[Records from a collection]
-=-=-=-=-
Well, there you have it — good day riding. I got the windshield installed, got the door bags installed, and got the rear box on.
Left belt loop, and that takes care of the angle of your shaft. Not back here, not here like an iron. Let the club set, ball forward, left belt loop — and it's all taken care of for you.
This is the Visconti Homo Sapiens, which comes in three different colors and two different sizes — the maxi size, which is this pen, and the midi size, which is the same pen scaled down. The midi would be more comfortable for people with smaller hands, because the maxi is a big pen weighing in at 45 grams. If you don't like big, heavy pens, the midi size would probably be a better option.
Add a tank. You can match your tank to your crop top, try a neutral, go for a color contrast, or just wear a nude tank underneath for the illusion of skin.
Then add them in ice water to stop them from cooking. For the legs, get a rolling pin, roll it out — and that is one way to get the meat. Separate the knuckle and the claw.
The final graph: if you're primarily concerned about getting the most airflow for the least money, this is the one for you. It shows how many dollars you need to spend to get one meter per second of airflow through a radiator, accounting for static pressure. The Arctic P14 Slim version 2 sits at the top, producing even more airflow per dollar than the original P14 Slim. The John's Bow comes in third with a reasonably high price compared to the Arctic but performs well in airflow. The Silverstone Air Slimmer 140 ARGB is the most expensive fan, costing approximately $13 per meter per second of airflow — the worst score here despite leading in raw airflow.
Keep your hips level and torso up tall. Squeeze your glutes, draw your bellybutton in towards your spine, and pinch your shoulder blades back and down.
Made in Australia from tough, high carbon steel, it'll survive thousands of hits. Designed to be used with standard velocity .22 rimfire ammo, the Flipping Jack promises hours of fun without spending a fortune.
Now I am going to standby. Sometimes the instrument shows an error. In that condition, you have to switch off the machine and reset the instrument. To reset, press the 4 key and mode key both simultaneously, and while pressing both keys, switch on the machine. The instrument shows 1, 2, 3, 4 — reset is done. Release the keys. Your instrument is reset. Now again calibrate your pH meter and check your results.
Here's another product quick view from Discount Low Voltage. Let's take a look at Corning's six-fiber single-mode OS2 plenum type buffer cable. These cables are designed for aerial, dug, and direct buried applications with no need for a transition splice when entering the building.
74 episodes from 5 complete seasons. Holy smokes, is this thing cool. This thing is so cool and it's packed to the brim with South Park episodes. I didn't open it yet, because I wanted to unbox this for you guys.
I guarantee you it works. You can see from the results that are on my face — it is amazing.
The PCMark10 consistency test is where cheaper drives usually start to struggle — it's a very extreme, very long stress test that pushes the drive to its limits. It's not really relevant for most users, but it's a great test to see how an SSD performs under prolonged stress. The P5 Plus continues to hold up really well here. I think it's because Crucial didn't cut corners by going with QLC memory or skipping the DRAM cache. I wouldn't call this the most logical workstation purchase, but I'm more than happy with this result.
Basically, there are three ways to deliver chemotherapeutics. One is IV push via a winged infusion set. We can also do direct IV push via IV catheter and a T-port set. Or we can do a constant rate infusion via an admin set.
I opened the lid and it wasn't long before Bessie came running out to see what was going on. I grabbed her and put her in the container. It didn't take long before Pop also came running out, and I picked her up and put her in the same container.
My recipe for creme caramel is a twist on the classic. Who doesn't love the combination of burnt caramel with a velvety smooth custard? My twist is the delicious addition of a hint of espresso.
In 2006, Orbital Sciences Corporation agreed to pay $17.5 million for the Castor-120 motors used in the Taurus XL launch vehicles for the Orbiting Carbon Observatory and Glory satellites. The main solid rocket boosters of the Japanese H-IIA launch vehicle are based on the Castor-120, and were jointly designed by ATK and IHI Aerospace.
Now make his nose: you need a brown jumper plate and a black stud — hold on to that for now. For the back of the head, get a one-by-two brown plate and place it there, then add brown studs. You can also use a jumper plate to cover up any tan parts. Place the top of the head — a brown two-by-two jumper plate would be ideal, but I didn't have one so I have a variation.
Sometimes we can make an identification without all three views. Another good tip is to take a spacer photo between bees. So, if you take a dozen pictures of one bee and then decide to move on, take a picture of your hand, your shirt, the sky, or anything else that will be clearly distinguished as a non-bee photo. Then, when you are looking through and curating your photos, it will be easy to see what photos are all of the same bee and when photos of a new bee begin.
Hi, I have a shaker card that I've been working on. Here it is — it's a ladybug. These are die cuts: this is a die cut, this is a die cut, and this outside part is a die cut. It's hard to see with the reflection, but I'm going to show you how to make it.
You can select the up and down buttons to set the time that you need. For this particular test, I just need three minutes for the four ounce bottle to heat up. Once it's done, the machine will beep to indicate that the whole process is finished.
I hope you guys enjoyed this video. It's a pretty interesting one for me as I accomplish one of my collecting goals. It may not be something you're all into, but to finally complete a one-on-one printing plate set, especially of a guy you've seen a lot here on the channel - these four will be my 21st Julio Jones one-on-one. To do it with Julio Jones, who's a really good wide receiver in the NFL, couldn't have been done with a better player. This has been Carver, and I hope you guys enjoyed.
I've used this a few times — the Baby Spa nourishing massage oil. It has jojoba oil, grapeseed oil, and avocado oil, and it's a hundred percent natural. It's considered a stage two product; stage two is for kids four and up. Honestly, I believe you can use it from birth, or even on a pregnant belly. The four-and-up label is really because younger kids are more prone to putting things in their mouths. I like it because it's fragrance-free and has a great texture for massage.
-=-=-=-=-
* _The task_: Print each line of the data exactly as it was written.

* _Task output_:
Well, there you have it — good day riding. I got the windshield installed, got the door bags installed, and got the rear box on.
Left belt loop, and that takes care of the angle of your shaft. Not back here, not here like an iron. Let the club set, ball forward, left belt loop — and it's all taken care of for you.
This is the Visconti Homo Sapiens, which comes in three different colors and two different sizes — the maxi size, which is this pen, and the midi size, which is the same pen scaled down. The midi would be more comfortable for people with smaller hands, because the maxi is a big pen weighing in at 45 grams. If you don't like big, heavy pens, the midi size would probably be a better option.
Add a tank. You can match your tank to your crop top, try a neutral, go for a color contrast, or just wear a nude tank underneath for the illusion of skin.
Then add them in ice water to stop them from cooking. For the legs, get a rolling pin, roll it out — and that is one way to get the meat. Separate the knuckle and the claw.
The final graph: if you're primarily concerned about getting the most airflow for the least money, this is the one for you. It shows how many dollars you need to spend to get one meter per second of airflow through a radiator, accounting for static pressure. The Arctic P14 Slim version 2 sits at the top, producing even more airflow per dollar than the original P14 Slim. The John's Bow comes in third with a reasonably high price compared to the Arctic but performs well in airflow. The Silverstone Air Slimmer 140 ARGB is the most expensive fan, costing approximately $13 per meter per second of airflow — the worst score here despite leading in raw airflow.
Keep your hips level and torso up tall. Squeeze your glutes, draw your bellybutton in towards your spine, and pinch your shoulder blades back and down.
Made in Australia from tough, high carbon steel, it'll survive thousands of hits. Designed to be used with standard velocity .22 rimfire ammo, the Flipping Jack promises hours of fun without spending a fortune.
Now I am going to standby. Sometimes the instrument shows an error. In that condition, you have to switch off the machine and reset the instrument. To reset, press the 4 key and mode key both simultaneously, and while pressing both keys, switch on the machine. The instrument shows 1, 2, 3, 4 — reset is done. Release the keys. Your instrument is reset. Now again calibrate your pH meter and check your results.
Here's another product quick view from Discount Low Voltage. Let's take a look at Corning's six-fiber single-mode OS2 plenum type buffer cable. These cables are designed for aerial, dug, and direct buried applications with no need for a transition splice when entering the building.
74 episodes from 5 complete seasons. Holy smokes, is this thing cool. This thing is so cool and it's packed to the brim with South Park episodes. I didn't open it yet, because I wanted to unbox this for you guys.
I guarantee you it works. You can see from the results that are on my face — it is amazing.
The PCMark10 consistency test is where cheaper drives usually start to struggle — it's a very extreme, very long stress test that pushes the drive to its limits. It's not really relevant for most users, but it's a great test to see how an SSD performs under prolonged stress. The P5 Plus continues to hold up really well here. I think it's because Crucial didn't cut corners by going with QLC memory or skipping the DRAM cache. I wouldn't call this the most logical workstation purchase, but I'm more than happy with this result.
Basically, there are three ways to deliver chemotherapeutics. One is IV push via a winged infusion set. We can also do direct IV push via IV catheter and a T-port set. Or we can do a constant rate infusion via an admin set.
I opened the lid and it wasn't long before Bessie came running out to see what was going on. I grabbed her and put her in the container. It didn't take long before Pop also came running out, and I picked her up and put her in the same container.
My recipe for creme caramel is a twist on the classic. Who doesn't love the combination of burnt caramel with a velvety smooth custard? My twist is the delicious addition of a hint of espresso.
In 2006, Orbital Sciences Corporation agreed to pay $17.5 million for the Castor-120 motors used in the Taurus XL launch vehicles for the Orbiting Carbon Observatory and Glory satellites. The main solid rocket boosters of the Japanese H-IIA launch vehicle are based on the Castor-120, and were jointly designed by ATK and IHI Aerospace.
Now make his nose: you need a brown jumper plate and a black stud — hold on to that for now. For the back of the head, get a one-by-two brown plate and place it there, then add brown studs. You can also use a jumper plate to cover up any tan parts. Place the top of the head — a brown two-by-two jumper plate would be ideal, but I didn't have one so I have a variation.
Sometimes we can make an identification without all three views. Another good tip is to take a spacer photo between bees. So, if you take a dozen pictures of one bee and then decide to move on, take a picture of your hand, your shirt, the sky, or anything else that will be clearly distinguished as a non-bee photo. Then, when you are looking through and curating your photos, it will be easy to see what photos are all of the same bee and when photos of a new bee begin.
Hi, I have a shaker card that I've been working on. Here it is — it's a ladybug. These are die cuts: this is a die cut, this is a die cut, and this outside part is a die cut. It's hard to see with the reflection, but I'm going to show you how to make it.
You can select the up and down buttons to set the time that you need. For this particular test, I just need three minutes for the four ounce bottle to heat up. Once it's done, the machine will beep to indicate that the whole process is finished.
I hope you guys enjoyed this video. It's a pretty interesting one for me as I accomplish one of my collecting goals. It may not be something you're all into, but to finally complete a one-on-one printing plate set, especially of a guy you've seen a lot here on the channel - these four will be my 21st Julio Jones one-on-one. To do it with Julio Jones, who's a really good wide receiver in the NFL, couldn't have been done with a better player. This has been Carver, and I hope you guys enjoyed.
I've used this a few times — the Baby Spa nourishing massage oil. It has jojoba oil, grapeseed oil, and avocado oil, and it's a hundred percent natural. It's considered a stage two product; stage two is for kids four and up. Honestly, I believe you can use it from birth, or even on a pregnant belly. The four-and-up label is really because younger kids are more prone to putting things in their mouths. I like it because it's fragrance-free and has a great texture for massage.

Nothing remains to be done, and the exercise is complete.